Или все же вызывает? Не мы ли сами вяжем наши судьбы в узлы, узелки, узелочки, гордиевы сплетения неразрешимых взаимоотношений? То, что поначалу было случайным столкновением, стало судьбой; то, что могло бы пройти незаметно, быть пустяком, неотмеченным в общем течении долгой жизни, вдруг вырастает в непреодолимую преграду. Мы сами — ткачи, сами неутомимые работники, вяжущие полотно своей судьбы. А жизнь только подбрасывает случайности, предоставляя нам выбор. Мы выбираем, прядем, а потом оглядываемся в недоумении — что такое получилось, почему? И наделяем прошедшее таинственными знаками, ищем в нем предзнаменования, указания — и, находим их, конечно, ведь тот, кто ищет, находит всегда. Никогда мы не признаемся себе в том, что из тысячи возможностей сами выбрали одну, сами облекли ее в таинственные одеяния, назвали судьбой…

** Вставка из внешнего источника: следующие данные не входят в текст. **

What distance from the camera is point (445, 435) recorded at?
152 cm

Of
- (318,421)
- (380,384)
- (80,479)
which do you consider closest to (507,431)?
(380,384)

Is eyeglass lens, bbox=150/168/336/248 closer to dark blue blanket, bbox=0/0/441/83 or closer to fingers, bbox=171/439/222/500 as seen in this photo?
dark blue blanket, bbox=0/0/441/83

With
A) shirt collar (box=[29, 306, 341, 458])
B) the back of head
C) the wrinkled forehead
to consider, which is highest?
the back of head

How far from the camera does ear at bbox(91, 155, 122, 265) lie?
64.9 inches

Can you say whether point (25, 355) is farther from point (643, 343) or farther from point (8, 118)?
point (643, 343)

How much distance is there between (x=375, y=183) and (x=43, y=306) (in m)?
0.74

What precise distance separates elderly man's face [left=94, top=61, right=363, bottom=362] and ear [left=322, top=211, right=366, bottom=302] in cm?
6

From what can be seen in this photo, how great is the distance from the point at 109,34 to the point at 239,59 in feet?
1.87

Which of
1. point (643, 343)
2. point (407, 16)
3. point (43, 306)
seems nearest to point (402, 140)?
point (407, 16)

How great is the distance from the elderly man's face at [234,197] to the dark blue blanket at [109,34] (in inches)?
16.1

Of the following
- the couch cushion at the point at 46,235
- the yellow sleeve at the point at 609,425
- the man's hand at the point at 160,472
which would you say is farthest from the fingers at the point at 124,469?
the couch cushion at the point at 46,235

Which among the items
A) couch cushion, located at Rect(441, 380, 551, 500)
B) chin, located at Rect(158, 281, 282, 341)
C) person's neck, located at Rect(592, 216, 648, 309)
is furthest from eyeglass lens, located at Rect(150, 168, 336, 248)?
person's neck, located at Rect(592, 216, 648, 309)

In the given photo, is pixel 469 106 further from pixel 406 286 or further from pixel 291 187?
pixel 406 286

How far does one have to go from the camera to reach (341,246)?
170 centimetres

Если бы еще ходить только прямыми дорогами, не сворачивая, не срезая углы, как не раз советовала Калигуле бабушка Антония. Только советы даются людьми, которые немало уже дорог прошли — пробежали, да не раз и свернули с пути, то-то знают, что может случиться. А выслушиваются людьми, которым хочется самим поплутать, прежде чем найти свой собственный, им одним сужденный путь…

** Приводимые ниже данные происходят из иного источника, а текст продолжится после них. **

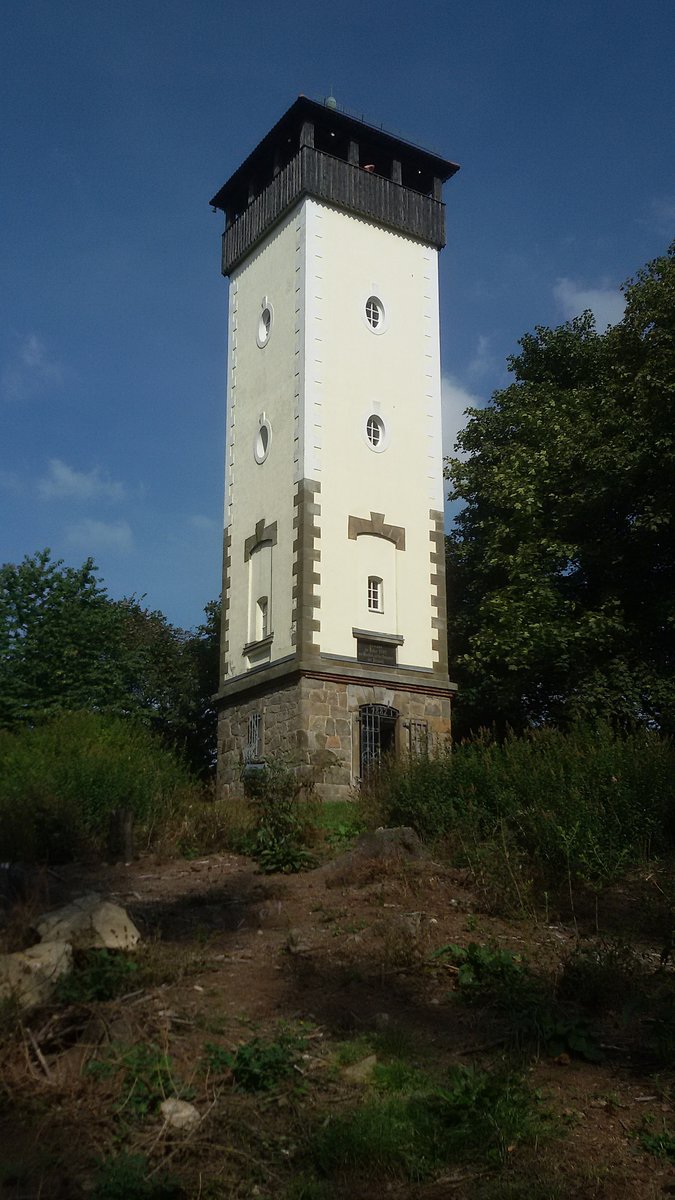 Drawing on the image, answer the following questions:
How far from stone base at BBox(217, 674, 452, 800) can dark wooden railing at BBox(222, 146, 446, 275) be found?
11629 mm

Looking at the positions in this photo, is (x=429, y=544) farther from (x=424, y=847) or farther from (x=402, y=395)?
(x=424, y=847)

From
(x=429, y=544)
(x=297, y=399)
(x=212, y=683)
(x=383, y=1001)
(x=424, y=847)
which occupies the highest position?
(x=297, y=399)

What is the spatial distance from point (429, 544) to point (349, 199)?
8.57 meters

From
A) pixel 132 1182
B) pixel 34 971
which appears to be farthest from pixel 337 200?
pixel 132 1182

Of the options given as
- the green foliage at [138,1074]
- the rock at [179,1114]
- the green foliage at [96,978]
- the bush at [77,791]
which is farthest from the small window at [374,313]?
the rock at [179,1114]

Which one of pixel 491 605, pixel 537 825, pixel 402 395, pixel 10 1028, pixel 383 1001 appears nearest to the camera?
pixel 10 1028

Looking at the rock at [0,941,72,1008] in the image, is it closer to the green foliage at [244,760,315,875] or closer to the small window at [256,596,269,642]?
the green foliage at [244,760,315,875]

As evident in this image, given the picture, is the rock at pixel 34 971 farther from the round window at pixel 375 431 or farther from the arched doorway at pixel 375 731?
the round window at pixel 375 431

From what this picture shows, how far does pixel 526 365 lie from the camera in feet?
94.6

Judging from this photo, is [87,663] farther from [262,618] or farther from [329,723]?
[329,723]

В памятный день первого в жизни убийства заметил Калигула пристальный взгляд иудейского царька Агриппы, остановившийся на нем. Взгляд цепкий, внимательный. И достало того взгляда на большой срок, повезло навеки Агриппе. Он-то считал потом, что выиграл партию умом, всему обязан собственному умению нравиться и очаровывать, понимать скрытые причины поступков людей. Он, Агриппа, гордился собой. Он был не совсем уж не прав, ума, или скорее хитрости и житейского опыта, было в нем немало. Но так никогда и не было дано узнать иудейскому князьку, что не ум вознес его на высоты, а случайный взгляд. Да не на Калигулу брошенный даже, а на безвестного бродягу, вползшего в заведение сирийкив ночь накануне убийства. Почему показалось Калигуле, что Агриппа узнал его, все сразу понял — и стал молчать? Покрывая. Спасая. Благодетельствуя…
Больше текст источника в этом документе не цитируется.